# So I bit the bullet, and bought a NEX.



## raphaelaaron (Sep 25, 2012)

After a while of getting quite pissed off at the high prices for a Leica M9 body, I decided that the most logical, and wallet saving step was to do what many have done: Use a NEX body instead.

Don't get me wrong, I like Leica but their tech in my opinion is lagging quite heavily especially with the advent of so many mirror less competitors. I know it's probably not right to label Leica M with modern mirror less systems, but it's close enough. And knowing them, they won't apologize for it. They're the lux brand, and will just keep selling 35,000 dollar cameras because people will buy them. I also live in nyc and get wary knowing that if I have the potential of getting my camera stolen. I'd rather be at a loss of 1,000 USD rather than 5,000. 

So anyway, to use my Leica lenses, I bought an adapter and NEX-7 and started shooting.

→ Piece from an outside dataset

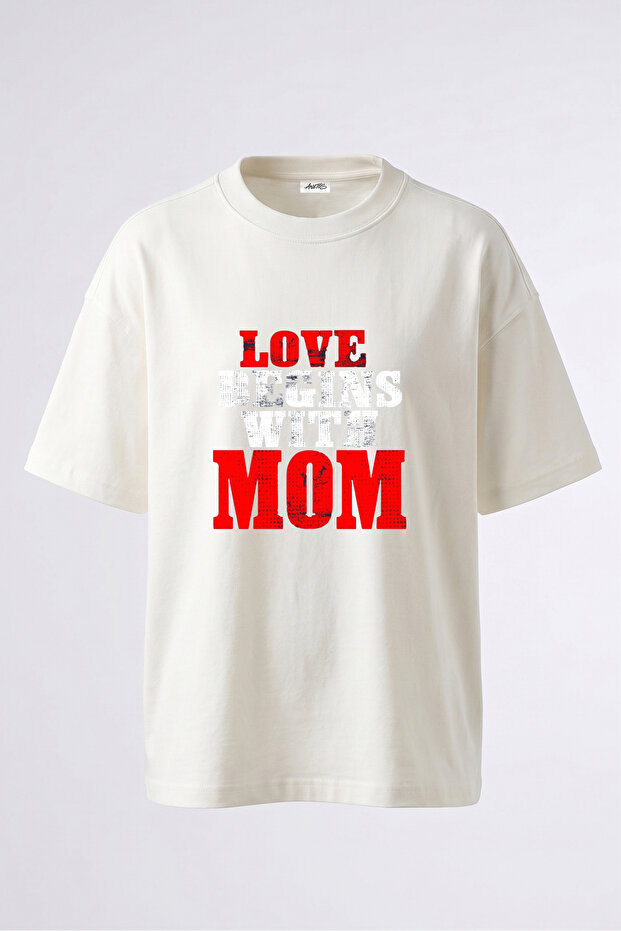 تي شيرت أبيض كبير الحجم من القطن مطبوع عليه تصميم Love Mom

It's been almost a week, and so far, I'm digging the results. Some reasons preventing any buyer's remorse is the flip out LCD, which basically feels like I'm shooting Medium Format again, but in a covert manner. The smaller size of the body helps as well, especially when I do street shooting. One reason I picked the NEX-7 over the 5n is the "tri-navi" basically the three wheels that click to set aperture/shutter speed, compensation, and ISO. It felt nice like I had full manual control of my camera, since I'm so used to shooting with Leicas anyway.

One fall back is the dreaded magenta casts and vignetting while using some wide angle lenses. The temporary solution is I've found color profiles that correct this from others who have had the same problems. 

Overall, I just wanted to share my good user experience thus far. Hope it maintains that way for a little while. If the NEX system adopts a FF sensor, which is apparently in the rumor mill, I will most likely snatch that one up as well. Say what they want, but Sony is taking great leaps. I admit I first laughed at their intro into the prosumer camera market, but with the recent articles showcasing Sony's camera ingenuity, I have been slowly putting my foot in my mouth since then.


----------



## cosmonaut (Sep 28, 2012)

Congrats. I agree the price of the M9 is to high for what you get. I wish Leica would put out a few affordable models. The new M is a step in the right direction.


----------



## Ysarex (Sep 28, 2012)

Oh dear! You could have had a Lunar!

Hasselblad Lunar

Joe


----------



## DiskoJoe (Sep 28, 2012)

Ysarex said:


> Oh dear! You could have had a Lunar!
> 
> Hasselblad Lunar
> 
> Joe



That thing is hideous and basically just an Nex anyway.


----------



## cosmonaut (Sep 29, 2012)

I remember when the NEX system first come out and all of the comments on how ugly it is but it grew on people. If the new Hassalblad starts growing on me I think I will be forced to go see a doctor and have it removed.


----------